═════ Given information ═════

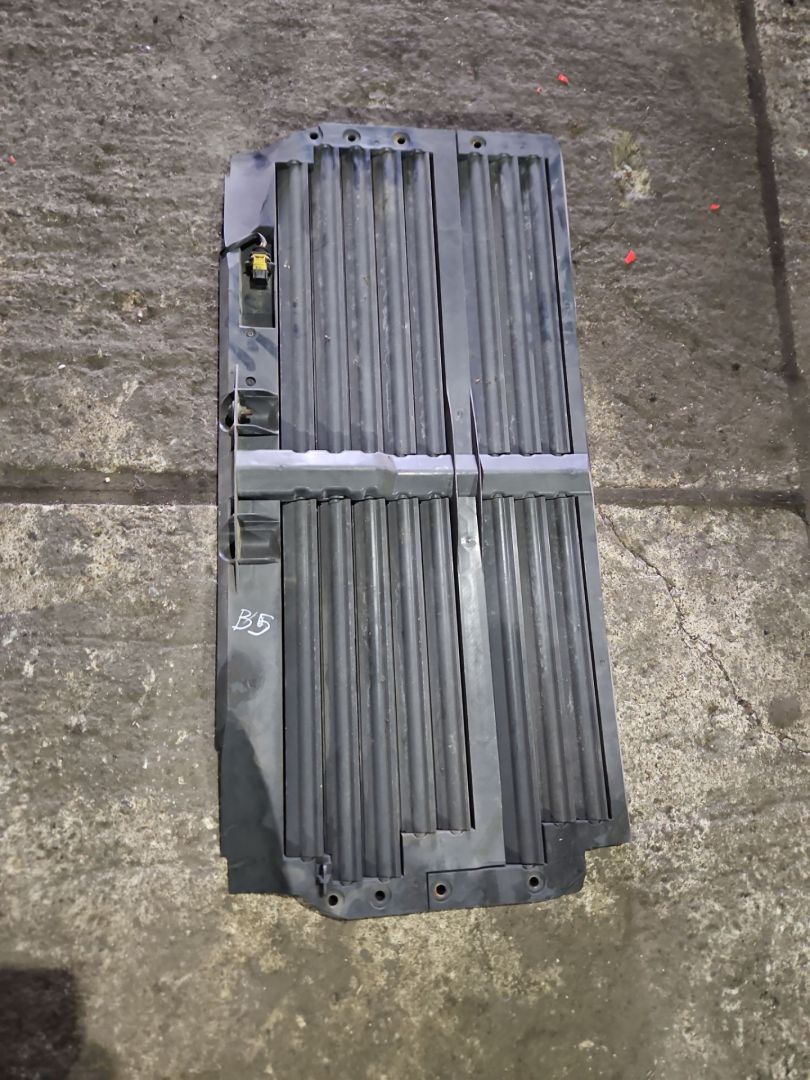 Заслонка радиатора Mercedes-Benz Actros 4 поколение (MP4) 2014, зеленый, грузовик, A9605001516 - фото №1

═════
═════ Given information ═════

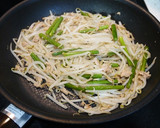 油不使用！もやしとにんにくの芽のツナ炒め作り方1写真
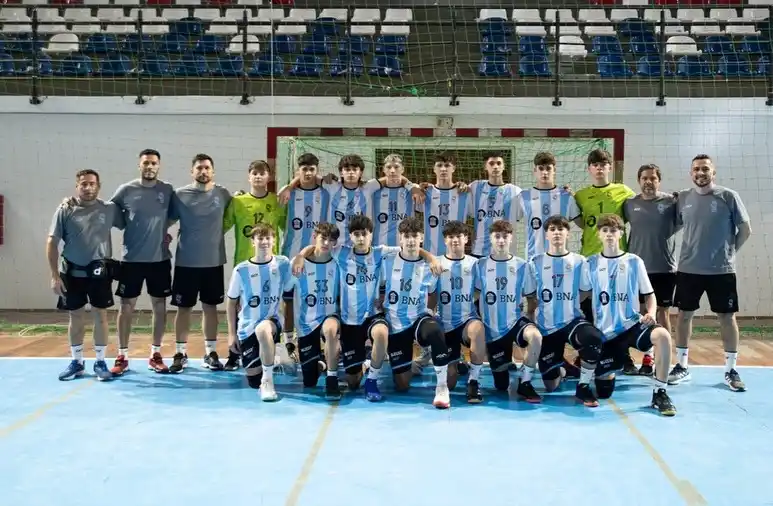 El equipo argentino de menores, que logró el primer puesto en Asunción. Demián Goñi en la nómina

═════
═════ Given information ═════

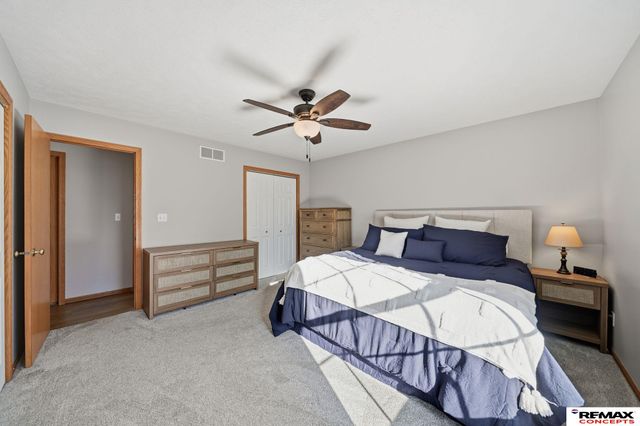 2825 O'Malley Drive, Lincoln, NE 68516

═════

* [What this task involves]
Range to copy from the listing above: the line with "油不使用！もやしとにんにくの芽のツナ炒め作り方1写真" through the line with "El equipo argentino". Transcribe it exactly and skip the pictures.

* [Exercise solution]
 油不使用！もやしとにんにくの芽のツナ炒め作り方1写真
 El equipo argentino de menores, que logró el primer puesto en Asunción. Demián Goñi en la nómina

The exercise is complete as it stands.